▶ WHAT YOU HAVE TO DO: Search the records for "High". Copy every line where it appears.

▶ DATA RECORDS:

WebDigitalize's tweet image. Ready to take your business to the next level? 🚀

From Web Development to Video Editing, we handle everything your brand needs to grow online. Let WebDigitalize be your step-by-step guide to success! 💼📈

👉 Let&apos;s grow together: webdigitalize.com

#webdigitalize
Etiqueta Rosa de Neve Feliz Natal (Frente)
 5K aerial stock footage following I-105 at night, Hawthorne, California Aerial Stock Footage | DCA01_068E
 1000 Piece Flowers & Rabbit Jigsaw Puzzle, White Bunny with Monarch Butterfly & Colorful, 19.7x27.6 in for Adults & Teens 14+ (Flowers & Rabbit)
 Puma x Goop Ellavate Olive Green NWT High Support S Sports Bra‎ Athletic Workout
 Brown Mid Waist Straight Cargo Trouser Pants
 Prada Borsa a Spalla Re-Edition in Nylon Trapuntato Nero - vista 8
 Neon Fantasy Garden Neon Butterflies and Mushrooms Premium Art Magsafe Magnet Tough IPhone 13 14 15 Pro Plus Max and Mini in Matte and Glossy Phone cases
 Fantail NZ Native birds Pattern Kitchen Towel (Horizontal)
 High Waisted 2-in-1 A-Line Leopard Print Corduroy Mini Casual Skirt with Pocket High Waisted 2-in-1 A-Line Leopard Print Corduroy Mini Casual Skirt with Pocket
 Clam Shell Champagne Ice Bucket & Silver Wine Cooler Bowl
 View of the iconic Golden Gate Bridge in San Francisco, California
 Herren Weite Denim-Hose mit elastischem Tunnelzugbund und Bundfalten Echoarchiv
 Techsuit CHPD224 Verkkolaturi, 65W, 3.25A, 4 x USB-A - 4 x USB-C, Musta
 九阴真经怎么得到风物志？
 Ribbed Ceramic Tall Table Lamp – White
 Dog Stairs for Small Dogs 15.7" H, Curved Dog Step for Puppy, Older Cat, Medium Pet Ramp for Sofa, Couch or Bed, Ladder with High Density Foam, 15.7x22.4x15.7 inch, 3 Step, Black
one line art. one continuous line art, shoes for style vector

▶ REPLY:
 Puma x Goop Ellavate Olive Green NWT High Support S Sports Bra‎ Athletic Workout
 High Waisted 2-in-1 A-Line Leopard Print Corduroy Mini Casual Skirt with Pocket High Waisted 2-in-1 A-Line Leopard Print Corduroy Mini Casual Skirt with Pocket
 Dog Stairs for Small Dogs 15.7" H, Curved Dog Step for Puppy, Older Cat, Medium Pet Ramp for Sofa, Couch or Bed, Ladder with High Density Foam, 15.7x22.4x15.7 inch, 3 Step, Black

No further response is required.